Gender Detection Tool by David Arroyo MEnéndez
Project description
Table of Contents
Logo
Name
damegender is a gender detection tool from the name coded by David Arroyo MEnéndez (DAME)
Why?
- If you want determine gender gap in free software projects or mailing lists.
- If you don't know the gender about a name
- If you want research with statistics about why a name is related with males or females.
- If you want use a free gender detection tool from a name from a command with open data.
- If you want use the main solutions in gender detection (genderize, genderapi, namsor, nameapi and gender guesser) from a command.
DAMe Gender is for you!
Tell me about DAMe Gender on Youtube
Install
Docker Image
# Build the container image
$ docker build . -t damegender/damegender:latest
# Run the container
$ docker run -ti damegender/damegender:latest main.py David
Installing Software
Posible Debian/Ubuntu dependencies
$ sudo apt-get install python3-nose-exclude python3-dev dict dict-freedict-eng-spa dict-freedict-spa-eng dictd
From sources
$ git clone https://github.com/davidam/damegender
$ cd damegender
$ pip3 install -r requirements.txt
With python package
$ python3 -m venv /tmp/d
$ cd /tmp/d
$ source bin/activate
$ pip install --upgrade pip
$ pip3 install damegender
$ cd lib/python3.5/site-packages/damegender
$ python3 main.py David
To install apis extra dependencies:
$ pip3 install damegender[apis]
To install mailing lists and repositories extra dependencies:
$ pip3 install damegender[mails_and_repositories]
Obtaining an api key
Currently you can need an api key from:
- https://store.genderize.io/documentation
- https://gender-api.com
- https://www.nameapi.org/
- https://v2.namsor.com/NamSorAPIv2/sign-in.html
You can execute:
$ python3 apikeyadd.py
To configure your api key
Configuring nltk
$ python3
>>> import nltk
>>> nltk.download('names')
Check test
All unit tests
$ nosetest3 test
Using Docker image
$ docker run -ti --entrypoint nosetests damegender/damegender:latest test
Single unit test
$ nosetests3 test/test_dame_sexmachine.py:TddInPythonExample.test_string2array_method_returns_correct_result
Using Docker image
$ docker run -ti --entrypoint nosetests damegender/damegender:latest test/test_dame_sexmachine.py:TddInPythonExample.test_string2array_method_returns_correct_result
Tests from commands
$ cd src/damegender
$ ./testsbycommands.sh # It must run for you
$ ./testsbycommandsextra.sh # You will need api keys!!!!! And to install all software required.
Execute program
# Detect gender from a name (INE is the dataset used by default)
$ python3 main.py David
David gender is male
363559 males for David from INE.es
0 females for David from INE.es
# Detect gender from a name from multiple dataset
$ python3 main.py David --total="all"
David gender is male
375099 males and 9 females from all census (INE + Uk census + USA census)
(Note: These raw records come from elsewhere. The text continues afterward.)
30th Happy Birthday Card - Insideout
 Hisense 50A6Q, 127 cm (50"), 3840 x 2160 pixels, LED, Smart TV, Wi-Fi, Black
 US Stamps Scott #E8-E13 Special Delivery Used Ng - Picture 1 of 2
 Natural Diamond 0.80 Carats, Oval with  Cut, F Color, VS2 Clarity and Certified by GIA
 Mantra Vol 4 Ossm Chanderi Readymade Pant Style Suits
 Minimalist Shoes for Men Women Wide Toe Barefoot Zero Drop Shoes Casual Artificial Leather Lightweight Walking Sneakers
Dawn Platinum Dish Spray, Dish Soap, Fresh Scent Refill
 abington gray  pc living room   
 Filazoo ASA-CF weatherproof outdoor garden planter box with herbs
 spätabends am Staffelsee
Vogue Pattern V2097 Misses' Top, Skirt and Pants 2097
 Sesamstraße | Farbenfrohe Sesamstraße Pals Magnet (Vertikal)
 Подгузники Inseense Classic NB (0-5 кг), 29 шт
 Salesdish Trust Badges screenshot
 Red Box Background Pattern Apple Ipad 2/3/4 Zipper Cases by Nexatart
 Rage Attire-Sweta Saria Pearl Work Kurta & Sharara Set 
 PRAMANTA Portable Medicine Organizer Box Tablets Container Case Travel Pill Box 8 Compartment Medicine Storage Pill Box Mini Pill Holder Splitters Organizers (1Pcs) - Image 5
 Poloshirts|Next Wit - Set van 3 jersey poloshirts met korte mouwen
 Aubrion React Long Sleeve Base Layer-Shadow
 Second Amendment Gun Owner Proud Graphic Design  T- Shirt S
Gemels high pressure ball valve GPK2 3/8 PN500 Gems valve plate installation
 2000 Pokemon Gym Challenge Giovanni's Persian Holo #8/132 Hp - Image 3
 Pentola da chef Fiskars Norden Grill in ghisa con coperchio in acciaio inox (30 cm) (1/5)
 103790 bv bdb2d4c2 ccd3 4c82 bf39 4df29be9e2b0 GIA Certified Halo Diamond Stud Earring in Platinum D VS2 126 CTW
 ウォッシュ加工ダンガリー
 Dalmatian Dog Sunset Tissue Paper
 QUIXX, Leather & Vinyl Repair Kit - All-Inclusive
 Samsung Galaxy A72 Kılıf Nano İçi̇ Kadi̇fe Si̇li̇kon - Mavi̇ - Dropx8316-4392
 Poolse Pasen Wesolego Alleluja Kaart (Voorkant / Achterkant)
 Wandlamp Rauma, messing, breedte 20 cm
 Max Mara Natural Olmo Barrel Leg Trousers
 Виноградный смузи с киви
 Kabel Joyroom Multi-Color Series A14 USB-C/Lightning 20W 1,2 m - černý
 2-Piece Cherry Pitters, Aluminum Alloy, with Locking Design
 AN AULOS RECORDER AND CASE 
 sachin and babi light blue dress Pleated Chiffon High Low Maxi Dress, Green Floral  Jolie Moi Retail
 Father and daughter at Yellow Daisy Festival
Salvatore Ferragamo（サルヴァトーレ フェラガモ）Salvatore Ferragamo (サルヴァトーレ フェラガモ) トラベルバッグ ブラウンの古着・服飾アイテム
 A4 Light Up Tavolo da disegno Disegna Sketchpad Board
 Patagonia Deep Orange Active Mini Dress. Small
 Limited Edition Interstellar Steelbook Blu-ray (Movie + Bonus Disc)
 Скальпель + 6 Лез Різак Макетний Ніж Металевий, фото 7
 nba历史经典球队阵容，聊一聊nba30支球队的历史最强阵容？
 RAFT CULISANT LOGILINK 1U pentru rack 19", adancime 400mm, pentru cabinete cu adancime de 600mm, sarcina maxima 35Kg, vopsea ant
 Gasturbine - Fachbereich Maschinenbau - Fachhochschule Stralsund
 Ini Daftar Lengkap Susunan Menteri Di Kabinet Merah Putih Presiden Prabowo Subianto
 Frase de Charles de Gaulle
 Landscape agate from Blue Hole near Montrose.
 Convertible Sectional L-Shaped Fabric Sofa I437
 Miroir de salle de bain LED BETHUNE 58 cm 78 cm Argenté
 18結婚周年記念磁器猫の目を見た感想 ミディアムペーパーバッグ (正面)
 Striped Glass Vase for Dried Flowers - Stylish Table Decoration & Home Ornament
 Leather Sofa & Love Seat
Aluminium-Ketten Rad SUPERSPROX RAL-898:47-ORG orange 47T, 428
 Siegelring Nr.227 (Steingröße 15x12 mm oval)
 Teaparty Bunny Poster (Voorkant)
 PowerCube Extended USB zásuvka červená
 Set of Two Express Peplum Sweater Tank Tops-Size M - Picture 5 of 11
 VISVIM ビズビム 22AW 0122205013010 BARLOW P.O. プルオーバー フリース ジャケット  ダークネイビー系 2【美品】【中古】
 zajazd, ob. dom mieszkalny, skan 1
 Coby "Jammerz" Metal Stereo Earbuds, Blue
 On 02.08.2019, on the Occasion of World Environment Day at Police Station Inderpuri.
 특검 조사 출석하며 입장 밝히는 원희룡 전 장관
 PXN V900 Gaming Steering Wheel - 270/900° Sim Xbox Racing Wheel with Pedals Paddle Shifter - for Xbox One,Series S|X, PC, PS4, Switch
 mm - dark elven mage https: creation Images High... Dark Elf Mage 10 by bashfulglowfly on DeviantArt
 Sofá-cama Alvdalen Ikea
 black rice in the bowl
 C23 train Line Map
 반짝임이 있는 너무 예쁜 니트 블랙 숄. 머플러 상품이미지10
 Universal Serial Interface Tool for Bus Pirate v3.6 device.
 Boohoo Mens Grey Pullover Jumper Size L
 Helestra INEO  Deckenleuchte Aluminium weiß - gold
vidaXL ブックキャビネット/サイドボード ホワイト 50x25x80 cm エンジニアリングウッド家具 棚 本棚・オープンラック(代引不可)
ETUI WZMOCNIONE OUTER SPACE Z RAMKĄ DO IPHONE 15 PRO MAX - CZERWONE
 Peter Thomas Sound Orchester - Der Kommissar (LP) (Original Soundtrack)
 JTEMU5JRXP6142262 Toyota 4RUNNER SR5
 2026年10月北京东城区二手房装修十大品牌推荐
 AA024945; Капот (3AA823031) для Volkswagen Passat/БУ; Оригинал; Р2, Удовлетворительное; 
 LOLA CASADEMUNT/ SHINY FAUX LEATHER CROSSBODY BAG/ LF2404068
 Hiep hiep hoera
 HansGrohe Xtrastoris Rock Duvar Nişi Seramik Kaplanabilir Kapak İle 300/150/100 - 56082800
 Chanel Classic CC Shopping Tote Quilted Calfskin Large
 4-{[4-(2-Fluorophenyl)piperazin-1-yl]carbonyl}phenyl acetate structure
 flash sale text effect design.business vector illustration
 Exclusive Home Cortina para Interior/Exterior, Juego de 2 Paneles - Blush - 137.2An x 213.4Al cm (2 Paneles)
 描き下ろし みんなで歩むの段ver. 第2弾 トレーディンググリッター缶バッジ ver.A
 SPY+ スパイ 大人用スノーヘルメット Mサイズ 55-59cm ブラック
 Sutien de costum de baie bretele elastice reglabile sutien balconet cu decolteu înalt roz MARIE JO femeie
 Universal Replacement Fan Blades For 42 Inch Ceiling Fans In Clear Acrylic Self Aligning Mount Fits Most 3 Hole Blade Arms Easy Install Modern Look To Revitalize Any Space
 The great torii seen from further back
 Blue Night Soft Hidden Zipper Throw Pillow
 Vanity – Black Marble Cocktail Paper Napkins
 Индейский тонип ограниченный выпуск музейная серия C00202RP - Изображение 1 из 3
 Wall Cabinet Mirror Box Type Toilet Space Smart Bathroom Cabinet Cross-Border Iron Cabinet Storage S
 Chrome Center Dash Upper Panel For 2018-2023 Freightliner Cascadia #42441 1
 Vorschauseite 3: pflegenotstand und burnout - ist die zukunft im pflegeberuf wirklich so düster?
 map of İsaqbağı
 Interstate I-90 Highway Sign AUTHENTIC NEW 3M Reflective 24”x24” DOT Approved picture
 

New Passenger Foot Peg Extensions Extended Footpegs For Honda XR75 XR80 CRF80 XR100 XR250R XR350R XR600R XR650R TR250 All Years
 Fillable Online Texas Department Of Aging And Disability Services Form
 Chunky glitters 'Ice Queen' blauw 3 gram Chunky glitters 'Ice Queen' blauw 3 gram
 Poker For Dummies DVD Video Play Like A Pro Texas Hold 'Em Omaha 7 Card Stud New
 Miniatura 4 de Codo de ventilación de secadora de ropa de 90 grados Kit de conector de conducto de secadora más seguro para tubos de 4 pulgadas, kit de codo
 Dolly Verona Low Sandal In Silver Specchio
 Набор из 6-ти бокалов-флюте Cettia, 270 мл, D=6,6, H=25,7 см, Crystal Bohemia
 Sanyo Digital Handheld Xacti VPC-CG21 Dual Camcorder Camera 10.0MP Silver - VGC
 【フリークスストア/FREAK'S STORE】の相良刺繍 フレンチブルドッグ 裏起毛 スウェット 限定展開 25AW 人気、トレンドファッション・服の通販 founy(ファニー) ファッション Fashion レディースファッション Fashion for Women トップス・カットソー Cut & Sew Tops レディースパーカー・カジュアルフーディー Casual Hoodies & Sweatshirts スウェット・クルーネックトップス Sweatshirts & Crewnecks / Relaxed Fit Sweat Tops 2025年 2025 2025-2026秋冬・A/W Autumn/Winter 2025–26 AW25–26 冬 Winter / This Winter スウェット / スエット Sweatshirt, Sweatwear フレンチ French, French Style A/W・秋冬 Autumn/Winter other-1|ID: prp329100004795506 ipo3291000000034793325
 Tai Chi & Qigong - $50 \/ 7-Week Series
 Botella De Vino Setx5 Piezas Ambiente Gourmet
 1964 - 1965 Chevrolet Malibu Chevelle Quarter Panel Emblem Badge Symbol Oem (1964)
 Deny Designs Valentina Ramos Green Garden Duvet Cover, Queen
# Detect gender from a name only using machine learning (experimental way)
$ python3 main.py Mesa --ml=nltk
Mesa gender is female
0 males for Mesa from INE.es
0 females for Mesa from INE.es
# Find your name in different countries
$ python3 nameincountries.py David
grep -i " David " files/names/nam_dict.txt > files/grep.tmp
males: ['Albania', 'Armenia', 'Austria', 'Azerbaijan', 'Belgium', 'Bosnia and Herzegovina', 'Czech Republic', 'Denmark', 'East Frisia', 'France', 'Georgia', 'Germany', 'Great Britain', 'Iceland', 'Ireland', 'Israel', 'Italy', 'Kazakhstan/Uzbekistan', 'Luxembourg', 'Malta', 'Norway', 'Portugal', 'Romania', 'Slovenia', 'Spain', 'Sweden', 'Swiss', 'The Netherlands', 'USA', 'Ukraine']
females: []
both: []
# Count gender from a git repository
$ python3 git2gender.py https://github.com/chaoss/grimoirelab-perceval.git --directory="/tmp/clonedir"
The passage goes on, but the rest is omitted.